Given the discovery constraint, I conducted a deep dive to understand just how teams could leverage these new AI powered discovery workflows. I’ve been experimenting with these approaches on my own product management process at Notejoy and I’ve found 10 AI workflows that are genuinely transforming how I approach customer discovery.
In this comprehensive guide I’ll walk you through each of the workflows, share how they meaningfully accelerate my discovery efforts, the AI tools I’ve found most useful for them, as well as best practices for getting great results.
My hope is that you’ll walk away with a handful of new AI powered workflows that you can immediately bring back to your team to accelerate your own discovery efforts.
Analyzing Customer Surveys
The first workflow is using AI to synthesize feedback from customer surveys. You can now take thousands of survey responses, have AI synthesize the most frequent themes, and visualize the results in minutes.
I think sometimes, because I now use AI every day, I have to remind myself just how revolutionary this actually is. Just a couple of years ago, the best technology we had for analyzing surveys was sentiment analysis, which could tell you whether a response was positive, neutral, or negative. Not particularly actionable. We then moved to tag clouds, which surfaced frequent keywords across the surveys. Again, still not actionable enough. It still meant that someone had to read every survey response, collate the feedback, and manually create themes.

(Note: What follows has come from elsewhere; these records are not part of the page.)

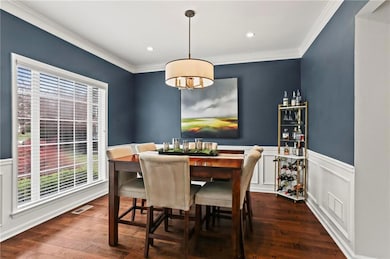 Dining space with crown molding, wainscoting, and 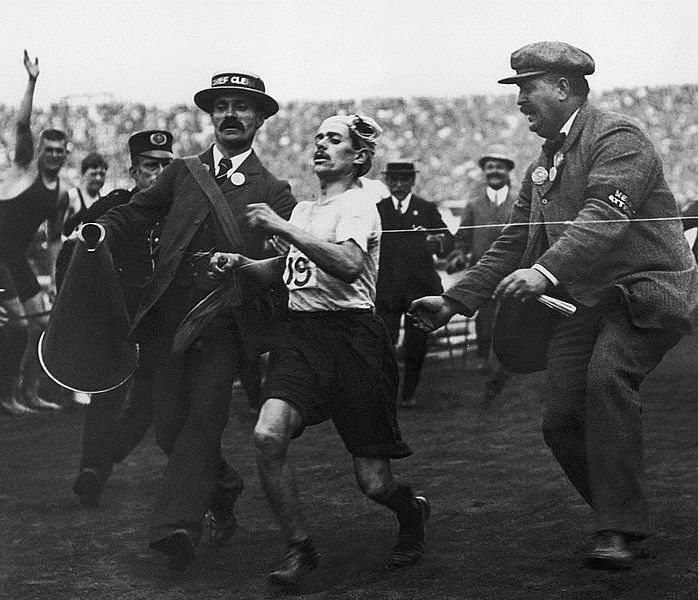 Dorando Pietri is helped across the finish line while holding a cork in his hand.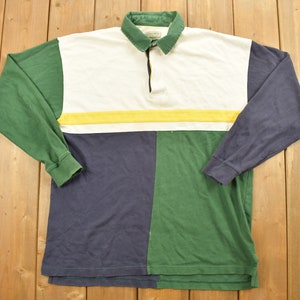 May include: A long-sleeved rugby shirt with a color block design. The shirt is green, white, yellow, and blue.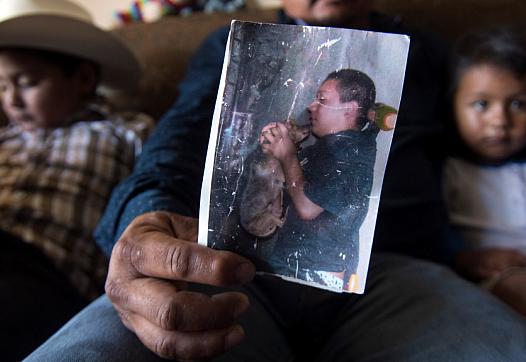 Hugo Secundino, 42, holds a weathered picture of his deceased son Angel.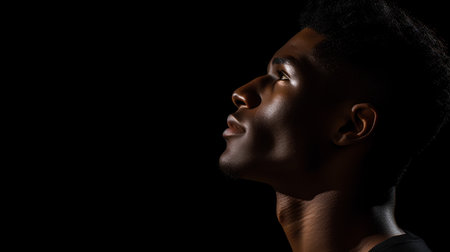 profile of young african american man looking up isolated on blackの素材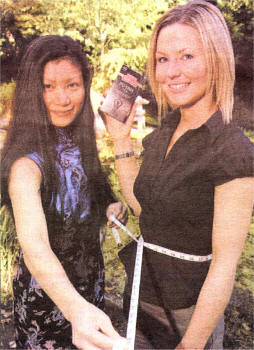 Model Hannah Su measures the waistline of Robert Roberts' Sinead Adair as the company launches its own brand of Pu-erh tea in Northern Ireland.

I did this work all the time.
But now generative AI has actually become incredibly good at taking raw survey responses and generating thematic insights. If you tried this a year ago and thought the results weren’t very good, it’s night and day improved. I’ve compared my own manual synthesis of customer survey themes against AI-generated synthesis and not only does it find very similar themes, but has even surfaced valuable insights I hadn’t initially spotted myself.
The practical impact of this capability is enormous. When I ran NPS surveys at LinkedIn, I could only do it quarterly because I had a team of marketers spending an entire week gathering results and reading through a thousand survey responses. Now I can run NPS surveys far more frequently.
What’s equally powerful is that AI allows you to run unlimited segmentation analyses. At LinkedIn, I might ask my team for two or three segmentation cuts. Now I can run 15 segmentations because it only costs me another line of typing. I can segment by usage patterns, by subscription type, by email domain, and even ask for statistical significance calculations on each comparison. All of this is automatically done for me.
All of the popular AI chatbots — ChatGPT, Claude, Gemini, and Copilot — are great for analyzing customer surveys, so you can easily leverage whatever your team is already using to accomplish this.
One word of caution here. As product managers, we need to continually build our product intuition to enable us to make smart decisions every day in the absence of data. I like to think of product intuition as our own machine learning model that we build by reading customer feedback, pattern matching across it, and synthesizing those patterns into working insights. AI is great at this, but we need to stay in the loop. That means when AI generates themes, I always ask it to show me the exact customer verbatims underneath each theme. I’m not just relying on its commentary and summarization. I want to directly hear and interrogate the voice of the customer. By consuming that direct feedback, I continue to build my own intuition while relying on AI to do the heavy lifting of aggregation and summarization.
Automating Customer Survey Programs
The ad hoc analysis I described above is incredibly powerful and useful, but I’ve taken it a step further by fully automating the process with an autonomous agent that produces weekly NPS survey reports for me without any manual intervention.
To understand this approach, it’s helpful to think about the full spectrum of AI interfaces that now exist. We started with chatbots, which have now become ubiquitous. With these tools, you give them a prompt and get back a quick answer. We then innovated with the introduction of copilots, where AI shows up as a sidebar to help you directly manipulate an artifact, whether that’s code in Cursor, a Notion document, or a Google Sheet. The third category, which is really taking off right now, are agents: autonomous AI workflows that can run end to end without requiring your input.
I’ve built an agent using Claude Code that takes my NPS survey results file, runs the full numerical analysis, generates promoter and detractor verbatim themes, produces an interactive HTML report, and even creates an executive presentation using Gamma, an AI presentation tool. The entire workflow is defined in a skill file written in plain English that describes each step the agent should follow.
The output is a fully automated executive report that includes NPS scores, interactive trend graphs, segmentation analysis, verbatim themes, voice of customer quotes, and even product improvement recommendations. I used to produce this kind of report quarterly at LinkedIn because it took a team of real people a week to put together. Now I do this weekly. I just download the latest NPS results, kick off the agent, and get a polished report delivered automatically.
I’ve come to prefer coding agents like Claude Code and Codex as my preferred way of building agents these days. But an equally viable approach is to leverage the workflow automation tools like Relay.app, Zapier, and n8n for building end-to-end autonomous agents. I’d encourage you to try building a workflow both ways and deciding which approach feels easier to you.
Automating Feedback Rivers
There’s a new category of tools that have recently emerged that are fantastic at customer discovery that I call feedback rivers. The idea is simple: aggregate customer feedback from a variety of sources, put it all in one place, and continuously monitor it. Maybe it’s pulling in your App Store reviews, Google Play reviews, G2 reviews, Zendesk tickets, or even Reddit discussions. The tool aggregates all of it and uses AI to automatically synthesize themes across all that feedback.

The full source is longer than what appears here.